*Collected material:*
((

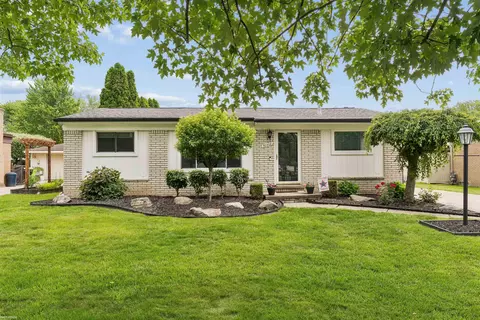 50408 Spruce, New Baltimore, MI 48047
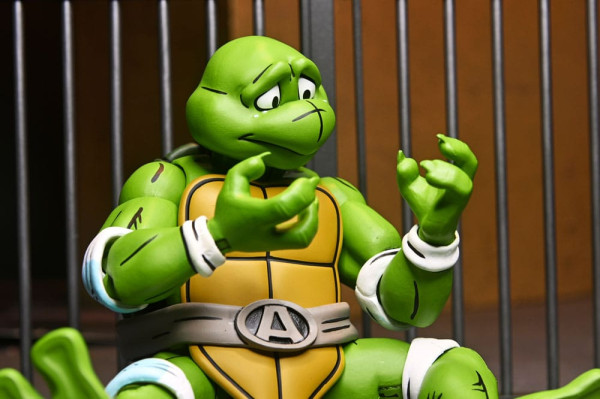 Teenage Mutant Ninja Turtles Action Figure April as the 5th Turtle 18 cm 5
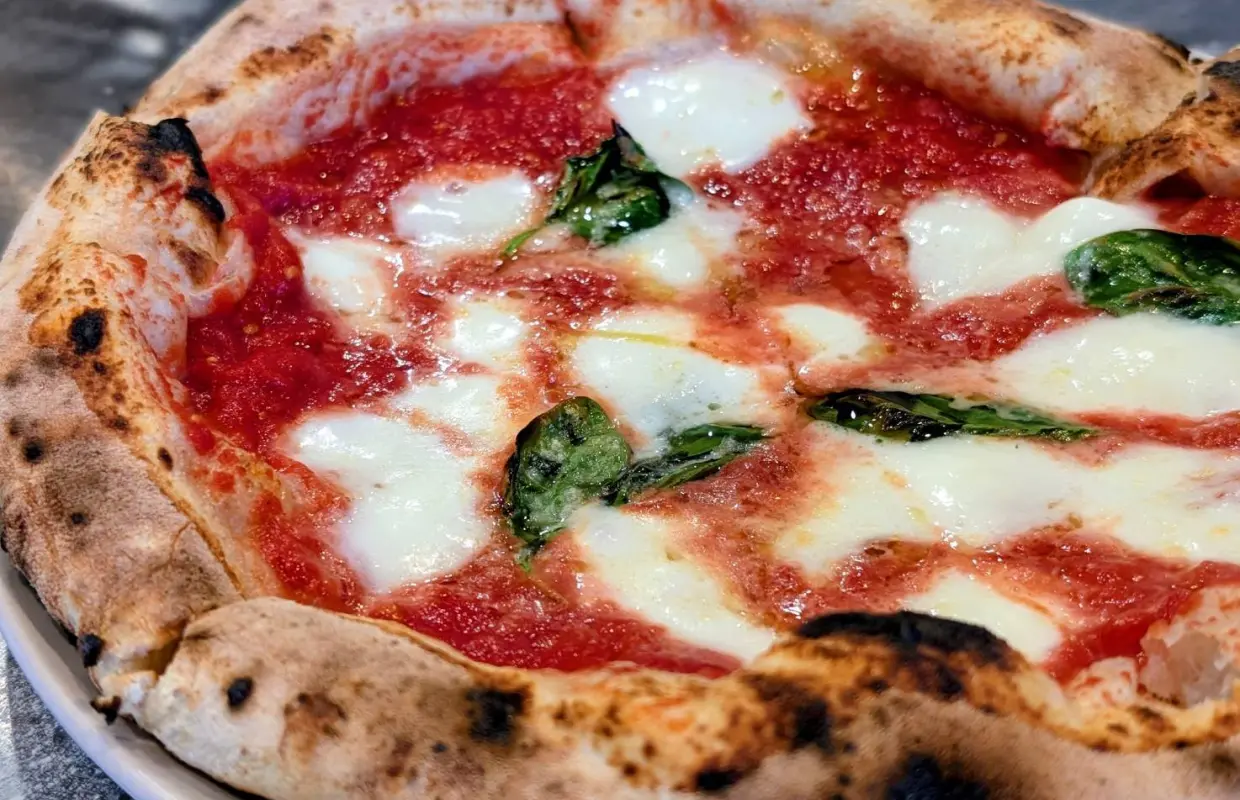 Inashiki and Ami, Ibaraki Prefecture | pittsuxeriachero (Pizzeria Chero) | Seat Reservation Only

))

*Action item:* With pictures omitted, copy exactly the lines from the one containing "Teenage Mutant Ninja" through the final line of the listing, both included.

*Exercise solution:*
 Teenage Mutant Ninja Turtles Action Figure April as the 5th Turtle 18 cm 5
 Inashiki and Ami, Ibaraki Prefecture | pittsuxeriachero (Pizzeria Chero) | Seat Reservation Only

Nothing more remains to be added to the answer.